Эмаль сохла быстро. В день я выдавал по работе, ставил к стенке и брался за следующую. Свой план я перевыполнил, так что мог позволить себе немного подурачиться – сделал картинку «Кандинский на прогулке», идет такой конструктивный хмырь в цилиндре с украинской вышивкой. Был сделан для этой выставки и герой корейской войны «Супер сейбр», фотку самолета не достал, начертил опять же линейный прямоугольник – «прицел» и за его пределами мелко написал название – «Супер сейбр Ф-100» (ну, прямо «Фашист пролетел»). Подобрал графику, многие с текстом по-английски, реже по-русски, «Дюнкерк» с красно-синими солдатиками. Липков тоже подвез купленных у меня солдат – «22 июня». Он попал под дождь, и гуашь (на фанере) немного потекла. В этом виде она у него и сейчас висит, не удосужился я ее реставрировать. У меня выработалась своеобразная самозащита: сделав работу и получив удовольствие от ее разглядывания, «вот как мы можем», я через некоторое время к ней остывал, а то бы они меня из собственной квартиры выселили. Рогинскому легче было, холсты снимет, новые натянет – и поехало. Но даже при этом он забил рулонами почти целую комнату, покупателей на это добро не находилось.
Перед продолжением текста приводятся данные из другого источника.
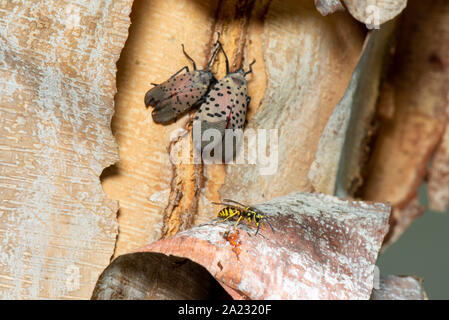 YELLOW JACKET (Vespula maculifrons) FEEDING ON HONEYDEW FROM  SPOTTED LANTERNFLY (LYCORMA DELICATULA), PENNSYLVANIA Stock Photo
Мне было давно ясно, что покупателей у меня не будет, работы могут быть неожиданные и интересные, но повесить на стену такое никому жена не позволит, она лучше эстампы купит по пятерке – со стеклом и в рамке. Знакомых экстравагантных академиков или музыкантов у меня не было, их Рабин с Целковым монополизировали – они им были по соплям. Такое положение, как ни странно, было еще одним моим преимуществом: на дурака-зрителя, а их 99%, я не оглядывался, выебывался от души.